● **PROBLEM TO SOLVE**
Quote only the span from the first line of the entries to the line containing "Young girl holds", both ends kept. Leave every picture out.

[SOURCE INFORMATION]

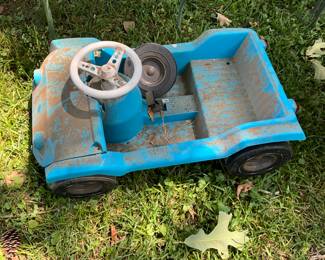 Outdoors in back of the house - Toy car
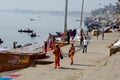 Mongs are walking  in bank of  Holy River the Ganges in  Varanasi, Uttar Prodesh, India. Royalty Free Stock Photo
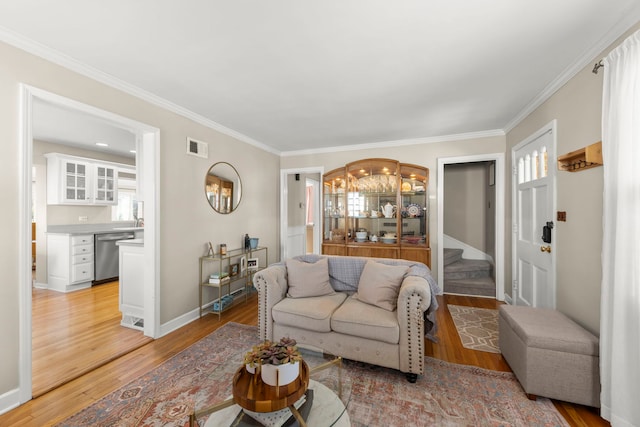 living room featuring crown molding and light wood-type flooring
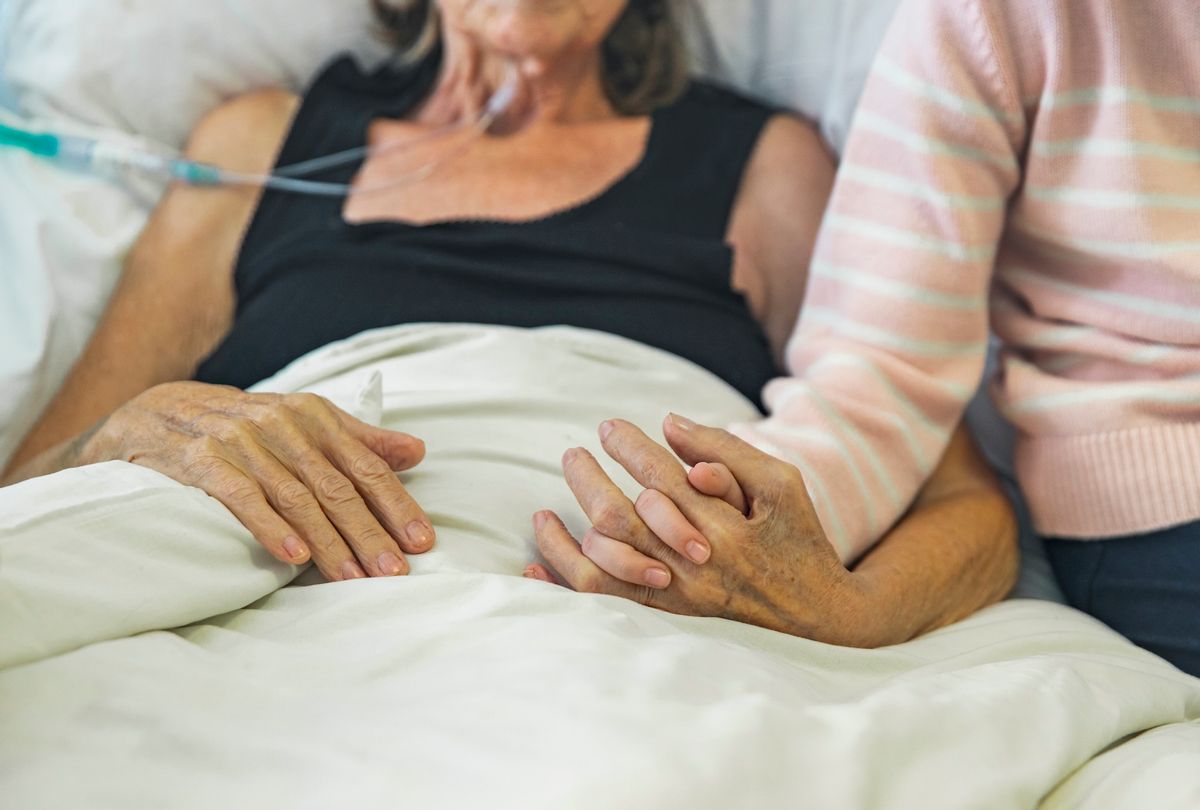 Young girl holds the hand of her ill grandmother. (Getty Images / Justin Paget)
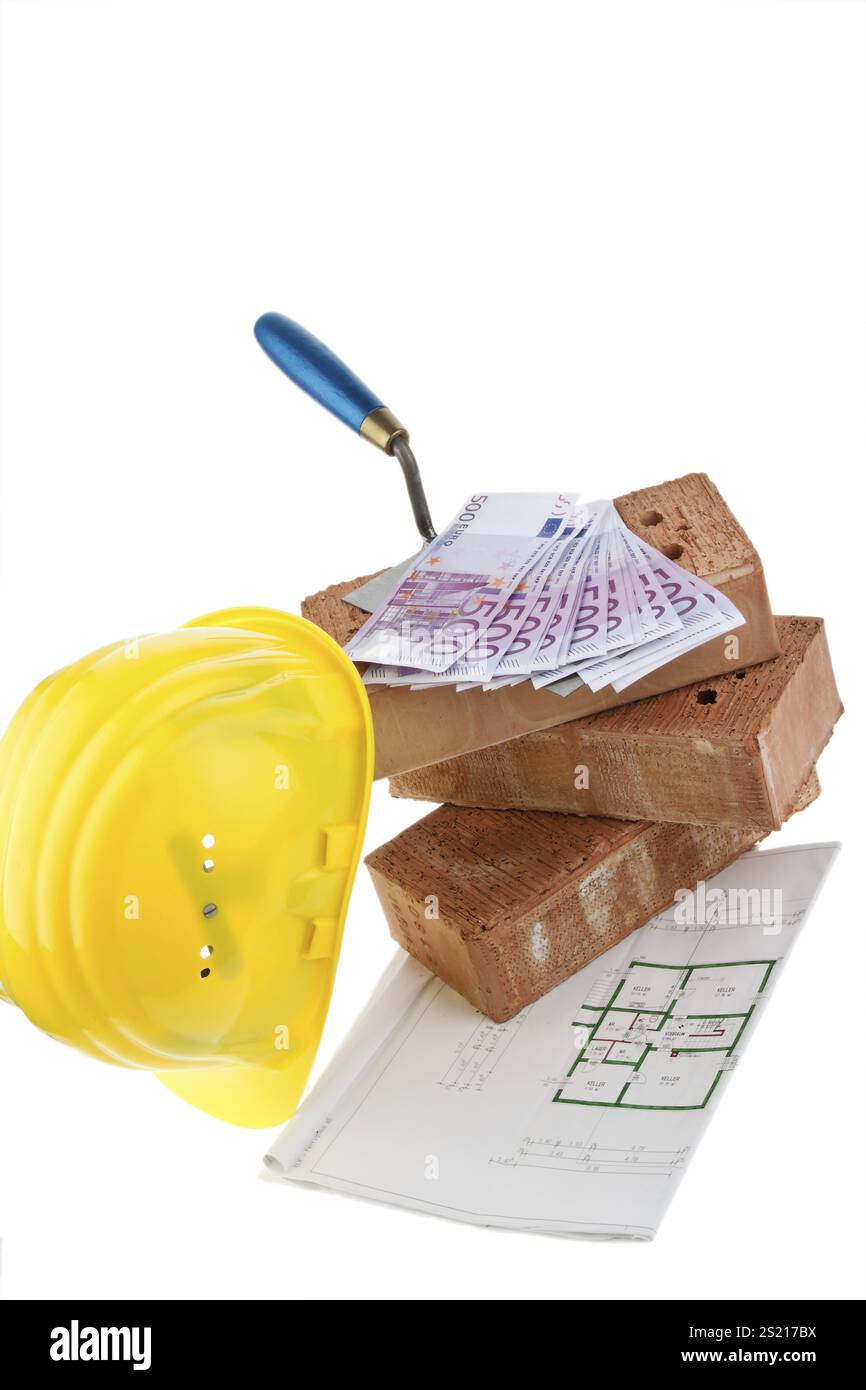 Foto di Symbol costruzione di case, finanziamenti, risparmio di società edile. Mattoni ed euro Austria Foto Stock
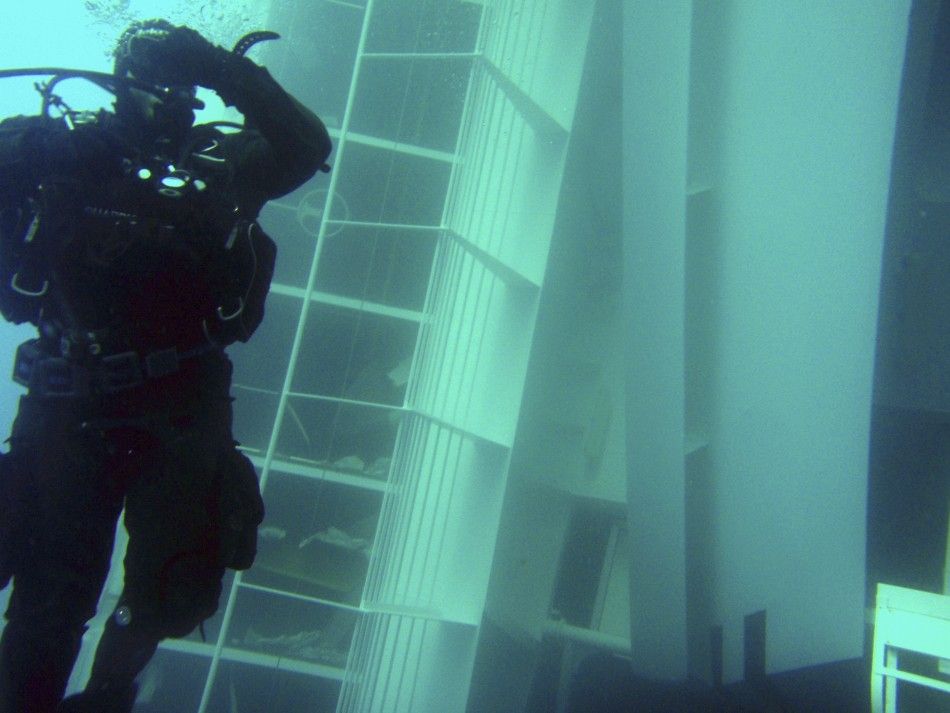 A scuba diver inspects a side of the Costa Concordia cruise ship, seen underwater after it ran aground off the west coast of Italy, at Giglio island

[/SOURCE INFORMATION]

● **FINISHED EXERCISE**
 Outdoors in back of the house - Toy car
 Mongs are walking  in bank of  Holy River the Ganges in  Varanasi, Uttar Prodesh, India. Royalty Free Stock Photo
 living room featuring crown molding and light wood-type flooring
 Young girl holds the hand of her ill grandmother. (Getty Images / Justin Paget)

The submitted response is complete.